Grande Encyclopédie Larousse 1971-1976Éd. 1971-1976
V

Vichy (gouvernement de)

Gouvernement présidé par le maréchal Pétain* et installé à Vichy (Allier) de 1940 à 1944.



« Autour de M. le maréchal Pétain »

Le 1er juillet 1940, venant de Bordeaux, le gouvernement français, présidé par le maréchal Pétain depuis le 16 juin, s’installe « provisoirement » dans la ville thermale de Vichy (Allier). Les équipements hôteliers de la cité permettent de loger (certes à l’étroit) de nombreux services administratifs ; la proximité de la ligne de démarcation imposée par l’armistice du 22 juin entre la zone Nord et la zone Sud, l’absence de population ouvrière constituent des avantages non négligeables. En outre, le choix de Vichy symbolise, au moment où la défaite s’abat sur la France, un retour au bastion arverne de l’ancienne Gaule.
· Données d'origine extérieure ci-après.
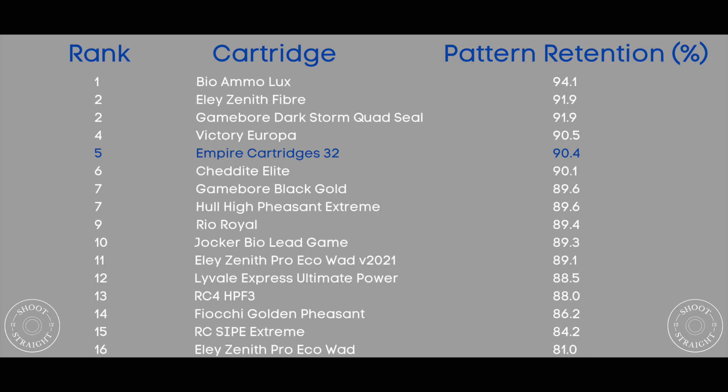So how does this translate into the results? Well, let's have a look. Out of the 16 cartridges that we've tested so far, the Empire Cartridges finished 5th with 90.4% pattern retention, just behind the Victory Europas.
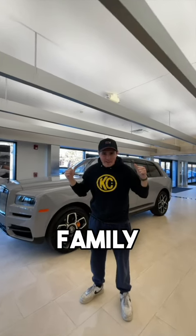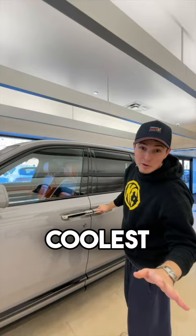This is the greatest family SUV ever made, and I'm about to tell you why. First off, it's got some of the coolest doors ever on an SUV. Check this out — the grand reveal.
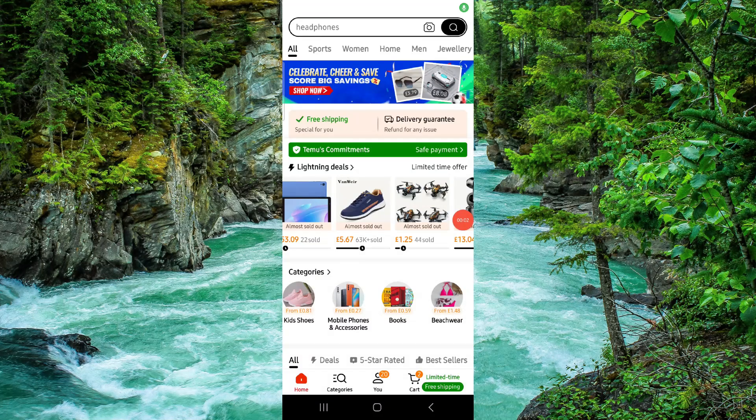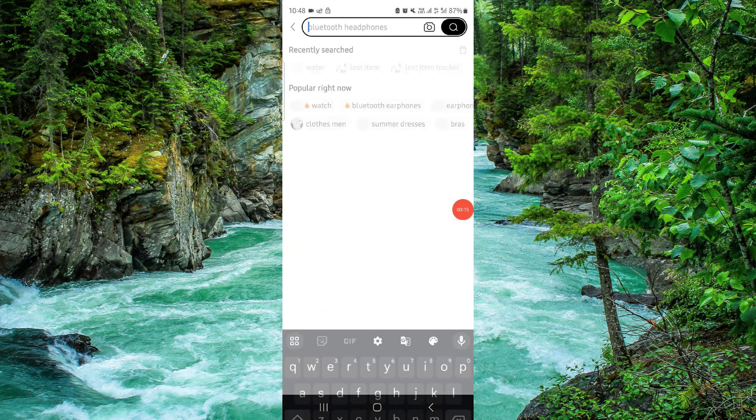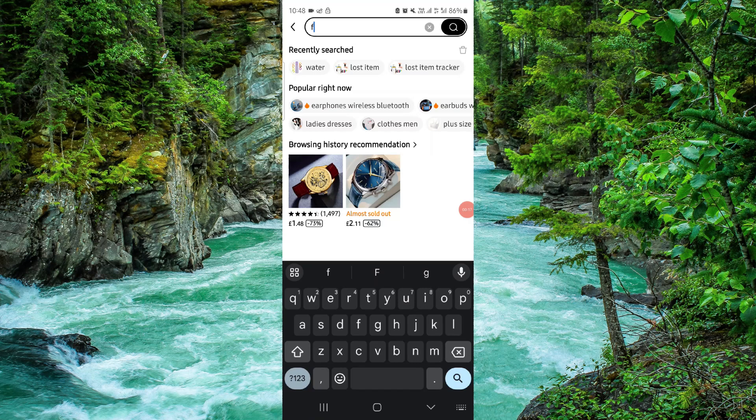Welcome back to my channel. In today's video I will show you how to get a lot of fish food on Temu. So let's get started. To get that, you have to follow these easy steps: open your Temu, login, then go to the search and search for fish food.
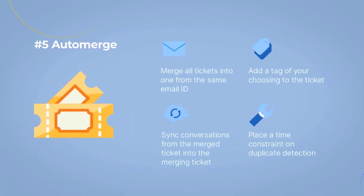Number 5: Auto Merge. As the name suggests, this app merges tickets created by the same customer during a certain time. This integration can also merge all tickets into one from the same email ID, add a tag of your choosing to the ticket, sync conversations from the merged ticket into the merging ticket, and place a time constraint on duplicate detection.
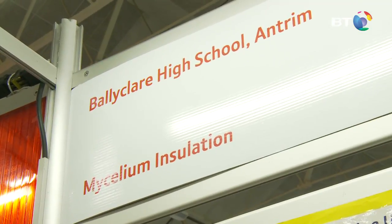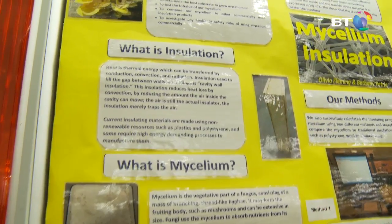I'm Bethany Petrie and this is Louie Fleming and we're from Ballyclare High School. Our project is about mushroom insulation. We were aiming to develop a product made from fungal mycelium, which is part of mushrooms, as an insulation product for cavity walls.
En fait, Vichy est peu accessible, mal relié à Paris, à la zone occupée ; rapidement, la ville deviendra un microcosme où, autour de l’hôtel du Parc, grouillera tout un monde politique évoluant en vase clos.

Le gouvernement de Vichy naît dans la salle des fêtes du Casino, le 10 juillet 1940. Pierre Laval a convaincu les parlementaires de l’Assemblée nationale de déléguer les pleins pouvoirs au maréchal Pétain aux fins de « promulguer une nouvelle constitution de l’État français » qui devrait « garantir les droits du travail, de la famille et de la patrie ». Par 569 voix contre 80 et 17 abstentions, l’Assemblée nationale accède à ce désir : la IIIe République* laisse la place à l’État français. Le lendemain sont signés trois actes constitutionnels, au ton très monarchique (« Nous, Philippe Pétain, maréchal de France..., décrétons... »), qui font de Pétain le chef de l’État français, définissent ses pouvoirs et règlent le sort du Parlement. Un quatrième acte, signé le 12 juillet, confie à Pierre Laval la succession du chef de l’État en cas d’incapacité de celui-ci.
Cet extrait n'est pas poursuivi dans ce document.